Le projet d’élargissement de la côte, qui comporte deux phases, vise à réhabiliter et à protéger le sud du littoral roumain, entre le canal Edighiol-Periboina et la commune de 2 Mai, soit une longueur totale de 30,5 km. Il inclut de vastes travaux d’ensablement, des travaux hydrotechniques, à savoir la construction de digues, ainsi qu’un volet portant sur la biodiversité, particulièrement important pour la mer Noire dont les écosystèmes ont été très affectés ces derniers temps. Ce volet vise l’implantation d’espèces pérennes qui y vivaient jadis, telles que la Zostère marine, appelée aussi herbe de mer – une plante essentielle qui fixe le carbone et permet l’oxygénation de l’eau, ndlr –, ou encore différents bivalves (mollusques, ndlr). Nous envisageons également la mise en place de récifs artificiels qui vont pour leur part favoriser la prolifération d’espèces menacées, dont le bivalve bioluminescent, le seul de ce type vivant dans les eaux roumaines de la mer Noire.

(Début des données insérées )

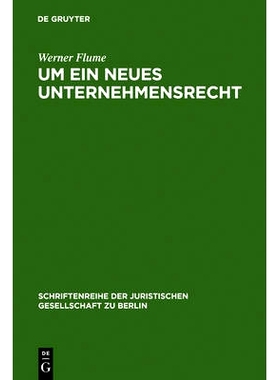 预订 Um ein neues Unternehmensrecht: Vortrag gehalten vor der Berliner Juristischen Gesellschaft am 28. November 1979: 9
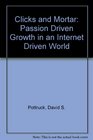 Clicks and Mortar Passion Driven Growth in an Internet Driven World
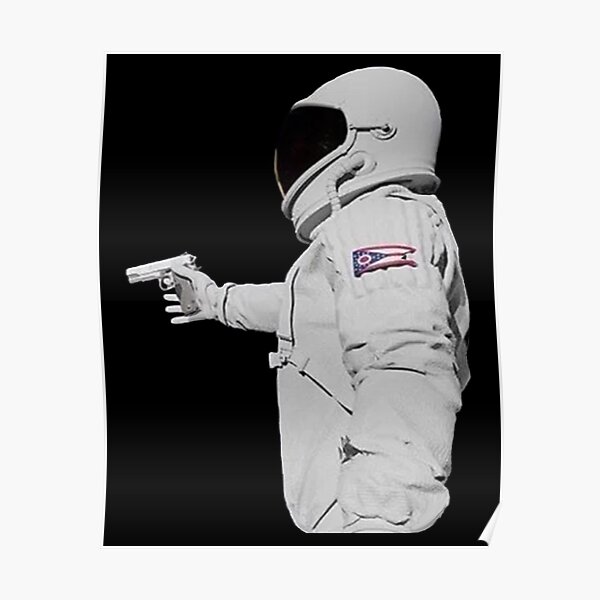  Astronaut Gun Meme Poster For Sale By Dennieb Redbubble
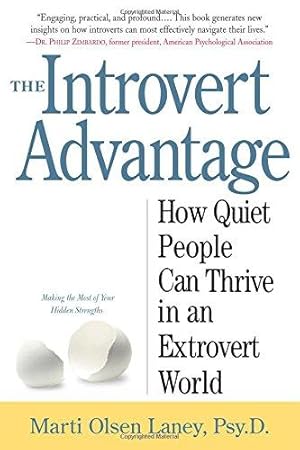 Image du vendeur pour The Introvert Advantage (How To Thrive In An Extrovert World): How Quiet People Can Thrive in an Extrovert World mis en vente par WeBuyBooks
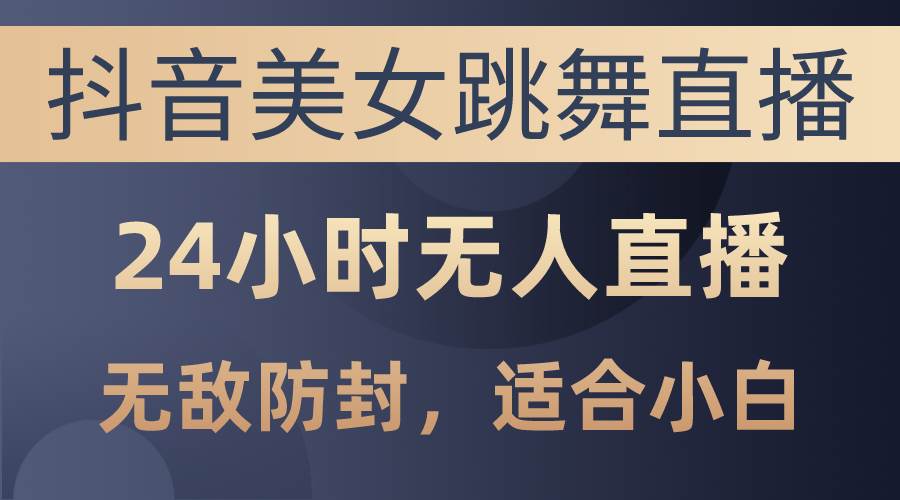 抖音美女跳舞直播，日入3000+，24小时无人直播，无敌防封技术，小白最...-选优云网创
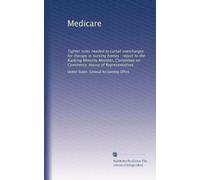 Medicare: Tighter rules needed to curtail overcharges for therapy in nursing homes : report to the Ranking Minority Member, Committee on Commerce, House of Representatives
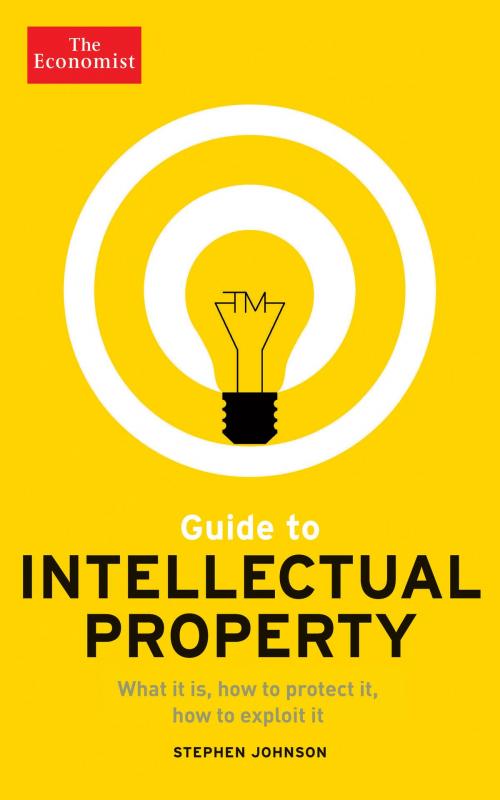 Cover of the book Guide to Intellectual Property by The Economist, Stephen Johnson, PublicAffairs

Où en sont les travaux et quel procédé technique utilisez-vous ?
Dans le cadre de la première phase, qui comprend cinq lots, l’élargissement de la plage de Mamaia est quasiment achevé, le projet est en cours de réception. Suivra la plage de Tomis Cazino, où il s’agira uniquement de protéger la côte, sans ensablement. Il y a un mois, les travaux ont également commencé à Eforie, où les digues anciennes et dégradées seront démantelées et remplacées par des digues plus modernes, tandis que la plage sera ensablée sur 5,5 km. Le procédé d’ensablement est relativement simple, mais les équipements et le savoir-faire sont complexes. On utilise une drague aspirante-refoulante pouvant stocker entre 12 000 et 16 000 mètres cubes de sable. Elle est équipée d’un bras qui extrait le sable au large, dans une zone approuvée, et le décharge via un conduit, car la drague risque de s’enliser si elle se rapproche trop de la côte. Ce conduit mesure 2000 mètres. Pour vous donner une idée, à Mamaia, il a fallu décharger 4,3 millions de mètres cubes, soit 6 millions de tonnes de sable. À Eforie, il s’agira de 4,5 millions de mètres cubes. Il est prévu que le projet dans son ensemble, seconde étape comprise, se termine en décembre 2023.
Les résultats sont-ils déjà visibles ?
Certainement. La plage de Mamaia a connu l’élargissement le plus important, soit 200 mètres. Le projet prévoyait au départ un élargissement allant de 60 à 100 mètres, mais des études ont constaté qu’il fallait aller jusqu’à 200 mètres pour assurer un ensablement uniforme, sur toute la durée de vie du projet qui est de 50 ans, sachant que le sable a tendance à migrer vers le nord. Cette plage a complètement changé, l’espace gagné est très vaste. Nous ne retournerons plus à la situation d’avant, où les constructions temporaires semblaient s’entasser sur le sable.
Propos recueillis par Mihaela Rodina.